Le traitement consiste à conserver la vitalité pulpaire et à consolider le parodonte le jour-même :
• Anesthésie
• Repositionnement de la 21 dans son alvéole par pression digitale douce
• Coiffage pulpaire des 21 et 11 à la Biodentine et reconstitution partielle au composite.
• Contrôle de l’occlusion
• Contention semi-rigide avec un fil multibrun acier (RMO)

Julien COLAS

Questions:
Dans un traumatisme récent comme celui-ci et dans les cas de non atteinte pulpaire, la priorité est de conserver la vitalité pulpaire et de consolider le parodonte.

Combien de temps garderiez-vous la contention ?
A partir de quel délai pouvez-vous commencer à contrôler la vitalité pulpaire et reconstituer les angles des 11 21 ?
Quels seraient vos conseils en matière de mastication ?
Quelle serait votre prescription médicamenteuse ?

copiapo

– 2 semaines après réduction de la luxation, le LAD retrouve environ 2/3 de ses propriétés mécaniques. Une contention de 10 – 14j semble donc appropriée dans ce cas pour la 21.

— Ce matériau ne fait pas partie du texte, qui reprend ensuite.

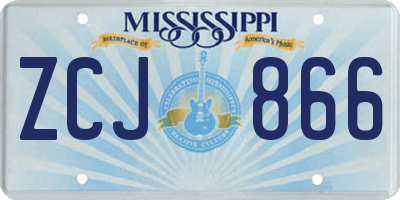 MS license plate ZCJ866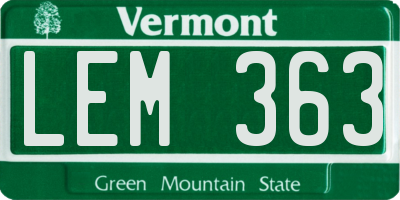 VT license plate LEM363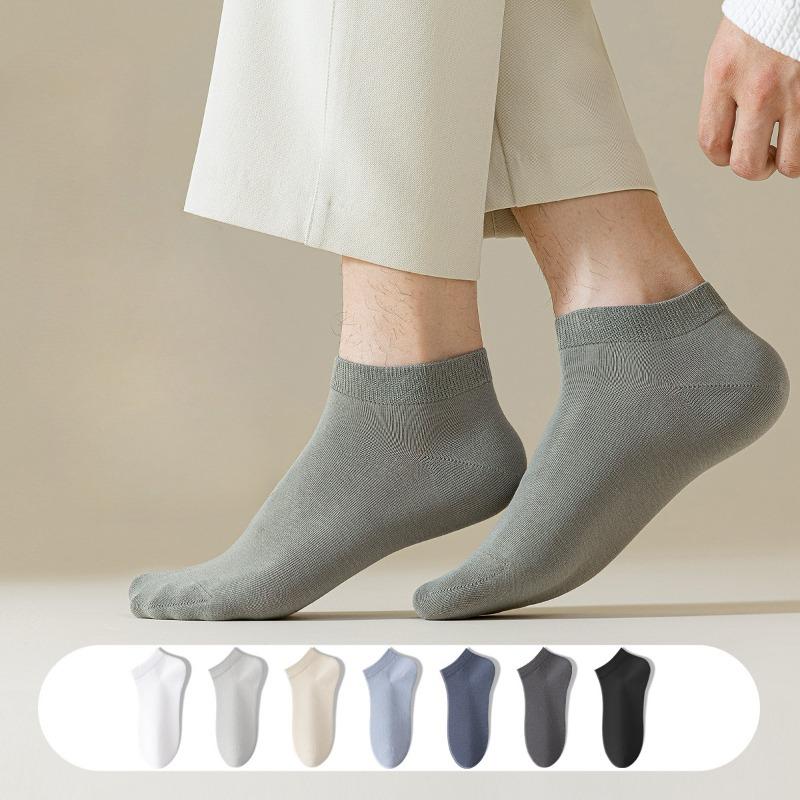 Men's Anti-odor and Sweat-absorbing Summer Thin Short Socks, Pure Cotton Shallow Mouth Boat Socks, Breathable Business Mid-calf Men's Socks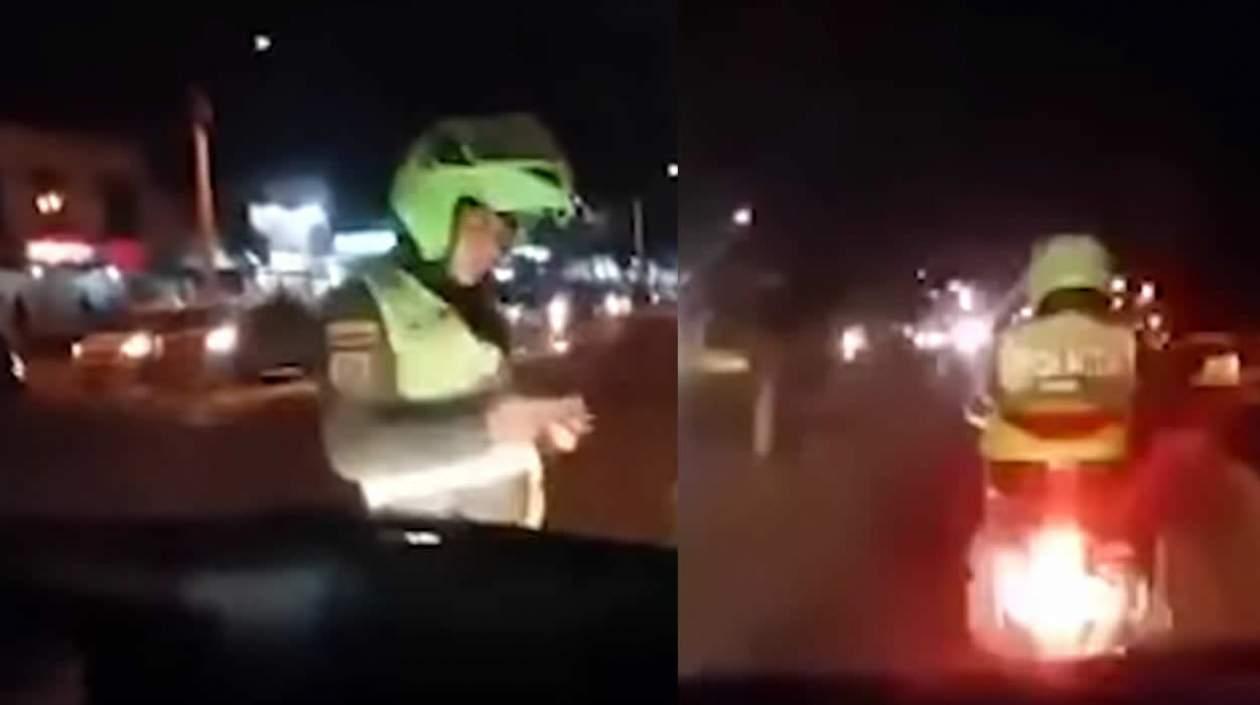 Policía que obstaculizó la ambulancia que llevaba al mototaxista herido. 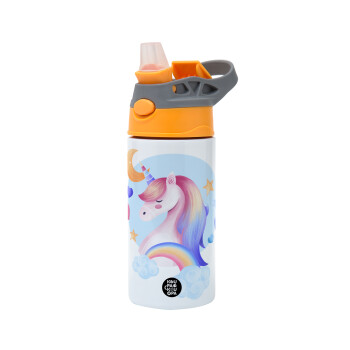 Cute unicorn, Children's hot water bottle, stainless steel, with safety straw, Orange/Grey (360ml) BPA-FREE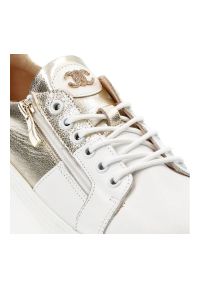 DAMISS - Białe Sneakersy Damiss Damskie Obuwie Ze Skóry Naturalnej. Kolor: biały. Materiał: skóra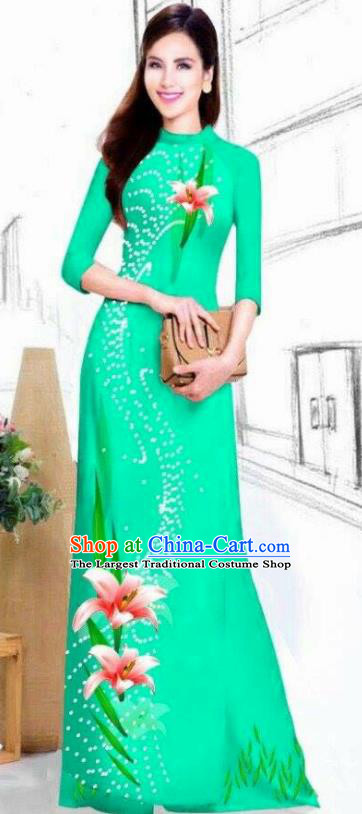 Asian Vietnam Traditional Bride Printing Lily Flowers Light Green Dress Vietnamese National Classical Ao Dai Cheongsam for Women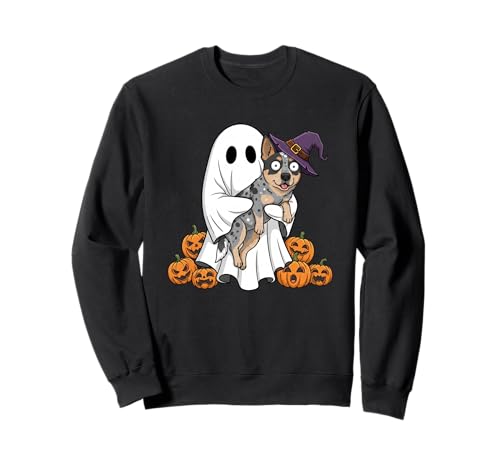 Ghost Australian Cattle Dog Kürbis Halloween Herren Damen Sweatshirt von Australian Cattle Dog Halloween Outfits Boy Girl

– Suite au traumatisme peuvent avoir lieu des phénomènes de sidération pulpaire. Il y a sûrement eu rupture du pédicule vasculaire de 21 ; il faut laisser le temps à la revascularisation de se produire (0,5mm par jour). Des contrôles périodiques cliniques et radiographiques doivent être faits pendant plusieurs mois. Une réponse négative (jusqu’à 3 mois) ne devra pas conduire au traitement endodontique. Il s’agira surtout de détecter précocement une éventuelle nécrose pulpaire (fistule, tuméfaction, radioclarté péri-apicale, résorptions externes, …) nécessitant alors un traitement par apexification.

– Les angles de 11 et 21 peuvent être reconstitués de manière « définitive » au prochain rendez-vous de contrôle ; l’essentiel étant d’obtenir le scellement des tubulis dentinaires (reconstruction étanche).

– Conseils hygièno-diététiques : éviter l’incision d’aliments durs les premiers jours (douloureuse), mais reprendre de manière rapide une alimentation et mastication normale afin de stimuler la cicatrisation physiologique du LAD

– Prescriptions : antalgiques palier I (paracétamol 500mg toutes les 6 heures pendant 72h, puis à la demande), bain de bouche biquotidien à la chlorhexidine 0,12% pendant 1 semaine. Antibiotiques non justifiés.

Julien COLAS

Votre post et très complet et bien détaillé.
Si je peux apporter certaines précisions, la contention serait à ôter une semaine après sa pose.
La vitalité pulpaire peut se contrôler une semaine après le choc.
Les angles sont à reconstituer rapidement pour une raison d’étanchéité.
Les conseils en matière d’alimentation que vous conseillez sont bons. Une semaine d’alimentation molle est à conseiller.
La prescription médicamenteuse se compose d’un antalgique, antiinflammatoire et antibiotique.

Javotte NANCY

le livre du Dr Chantal Ifi-Naulin reste la référence (guide clinique CdP)

Marcel Carton

Peut on avoir le titre du livre et un lien vers ce livre sur le site de l’éditeur?